REQUIRED ACTION =>
Starting at the line that contains "Dwell Home Cefito", return every line through the end of the data exactly, without pictures.

COLLECTED DATA =>
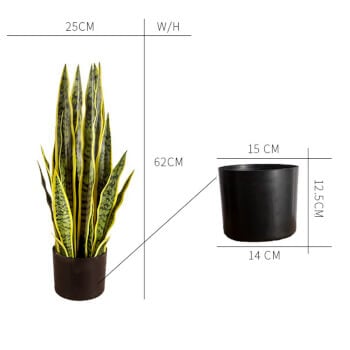 Tekokasvi Anopinkieli 65 cm, Lykke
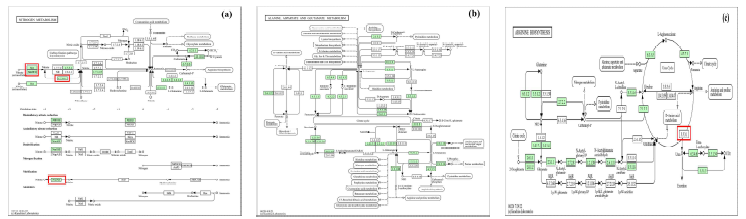 Metabolic pathways related to Raoultella planticola: (a) Nitrogen metabolism pathway, (b) Alanin, aspartate, and glutamate metabolism pathway, and (c) Arginine biosynthesis pathway were obtained from the KEGG database. The colored squares in the figure represent pathway presence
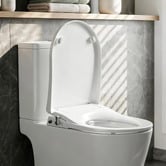 Dwell Home Cefito D-Shape Non-Electric Toilet Seat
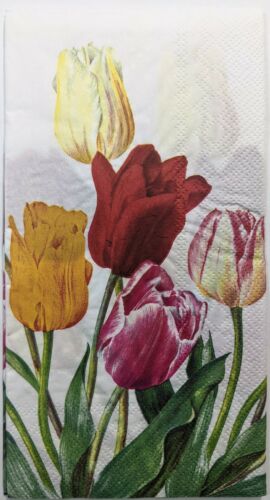 TWO Individual Paper Guest Decoupage Napkins -Tulip Splendor Welcome Spring 1182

EXERCISE SOLUTION =>
 Dwell Home Cefito D-Shape Non-Electric Toilet Seat
 TWO Individual Paper Guest Decoupage Napkins -Tulip Splendor Welcome Spring 1182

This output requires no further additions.